Al final del séptimo capítulo de la primera temporada de «House of Cards«, Francis Underwood (político interpretado por Kevin Spacey) alecciona a su acólita Zoe Barnes (la periodista encarnada por Kate Mara) sobre la importancia de las mentiras en la sociedad en la que ambos han decidido moverse: ella ha atrapado una araña con una copa de vino y, a continuación, él coge esa copa con la araña dentro y le da la vuelta, dejando al animal atrapado desesperadamente en primer plano mientras él y ella hablan rodeando la cama en la que va a pasar lo que tiene que pasar. El discurso de Underwood (como todos los discursos de Underwood) es brillante y burbujeante de un significado fulminante: las mentiras pueden ser una cárcel o una escalera, todo depende de cómo las utilices. Y en «House of Cards» hay, evidentemente, estos dos tipos de personajes: los que viven encerrados y acosados por su propia red de mentiras y aquellos que las utilizan como una estructura envolvente para llevar a los demás a la situación que a ellos los conviene y, claro, para conducirlos directamente hasta la consecución de sus metas más egotistas.

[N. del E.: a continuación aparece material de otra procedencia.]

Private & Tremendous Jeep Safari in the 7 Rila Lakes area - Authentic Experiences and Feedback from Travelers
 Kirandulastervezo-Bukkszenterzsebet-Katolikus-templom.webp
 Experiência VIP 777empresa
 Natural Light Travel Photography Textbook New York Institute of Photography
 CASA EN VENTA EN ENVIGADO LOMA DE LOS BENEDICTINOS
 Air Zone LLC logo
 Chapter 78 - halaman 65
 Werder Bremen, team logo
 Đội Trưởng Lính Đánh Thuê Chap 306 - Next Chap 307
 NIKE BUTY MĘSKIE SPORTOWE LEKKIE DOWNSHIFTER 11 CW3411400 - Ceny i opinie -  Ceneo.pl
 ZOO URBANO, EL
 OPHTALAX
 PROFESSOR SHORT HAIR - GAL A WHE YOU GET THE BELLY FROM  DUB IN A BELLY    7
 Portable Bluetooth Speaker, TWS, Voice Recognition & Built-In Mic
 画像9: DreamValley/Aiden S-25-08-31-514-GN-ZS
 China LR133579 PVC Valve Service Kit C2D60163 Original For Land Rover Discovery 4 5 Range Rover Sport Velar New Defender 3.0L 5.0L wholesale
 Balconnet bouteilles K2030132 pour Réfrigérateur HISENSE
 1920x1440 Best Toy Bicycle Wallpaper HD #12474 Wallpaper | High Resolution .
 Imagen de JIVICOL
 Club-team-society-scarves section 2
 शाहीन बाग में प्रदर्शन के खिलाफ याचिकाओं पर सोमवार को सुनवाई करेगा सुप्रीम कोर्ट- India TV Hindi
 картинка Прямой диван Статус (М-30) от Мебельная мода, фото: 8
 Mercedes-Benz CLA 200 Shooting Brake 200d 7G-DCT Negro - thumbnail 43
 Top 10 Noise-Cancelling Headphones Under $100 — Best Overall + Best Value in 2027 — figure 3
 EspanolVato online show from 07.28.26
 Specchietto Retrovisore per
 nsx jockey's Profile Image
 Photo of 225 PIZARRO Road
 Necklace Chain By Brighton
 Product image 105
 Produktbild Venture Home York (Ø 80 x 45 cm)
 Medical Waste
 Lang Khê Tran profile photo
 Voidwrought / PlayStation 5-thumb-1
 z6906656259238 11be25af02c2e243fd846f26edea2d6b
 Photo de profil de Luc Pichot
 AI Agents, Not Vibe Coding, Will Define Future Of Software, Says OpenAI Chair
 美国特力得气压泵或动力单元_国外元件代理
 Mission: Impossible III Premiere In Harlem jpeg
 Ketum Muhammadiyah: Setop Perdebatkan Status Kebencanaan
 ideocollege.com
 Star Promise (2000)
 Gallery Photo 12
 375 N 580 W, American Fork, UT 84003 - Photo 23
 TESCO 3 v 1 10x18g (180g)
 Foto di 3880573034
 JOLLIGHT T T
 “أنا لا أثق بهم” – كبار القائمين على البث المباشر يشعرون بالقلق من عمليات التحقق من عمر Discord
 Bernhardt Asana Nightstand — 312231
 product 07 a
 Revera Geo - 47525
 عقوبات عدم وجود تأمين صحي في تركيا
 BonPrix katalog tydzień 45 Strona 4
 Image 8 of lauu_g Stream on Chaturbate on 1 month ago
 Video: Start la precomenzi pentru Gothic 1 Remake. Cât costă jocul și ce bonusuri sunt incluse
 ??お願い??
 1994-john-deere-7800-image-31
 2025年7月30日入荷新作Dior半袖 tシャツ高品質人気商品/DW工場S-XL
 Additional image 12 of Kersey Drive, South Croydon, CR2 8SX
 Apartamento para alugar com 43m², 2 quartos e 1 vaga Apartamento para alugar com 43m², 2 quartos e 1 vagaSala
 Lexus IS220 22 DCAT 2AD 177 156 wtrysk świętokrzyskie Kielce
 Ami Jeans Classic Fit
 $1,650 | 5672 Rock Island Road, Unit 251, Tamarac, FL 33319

En el lado de los primeros, los mentirosos vencedores, están evidententemente Underwood (político despechado en los primeros diez minutos del primer capítulo y que se pasa el resto de la primera temporada de la serie urdiendo un master plan que le ponga en las manos lo que le arrebatan en este espectacular arranque) y Barnes (periodista que no tarda en escapar de un medio a la antigua usanza para caer en un nuevo medio digital dinámico y con unas oficinas lo suficientemente grandes como para albergar sus ambiciones), pero también Claire Underwood (la mujer de Francis interpretada de forma sublime por Robin Wright, que se encuentra con la dura verdad: detrás de todo gran hombre hay una gran mujer, pero esa gran mujer a menudo tiene que sacrificar sus propias ambiciones -como directora de una ONG y como madre, en este caso- en pos de las de su marido). En el lado de los perdedores quedan todos aquellos que se van viendo apisotonados por el avance avasallador de los Underwood y Barnes en sus respectivas carreras: todo un conjunto de peleles que tardan un par de capítulos en verse descabezados y que tienen su máximo epítome en el congresista Peter Russo (Corey Stoll), quien desde el principio deja que sus propias pulsiones y mentiras sean utilizadas por Francis en un camino que sólo puede llevar a la desgracia.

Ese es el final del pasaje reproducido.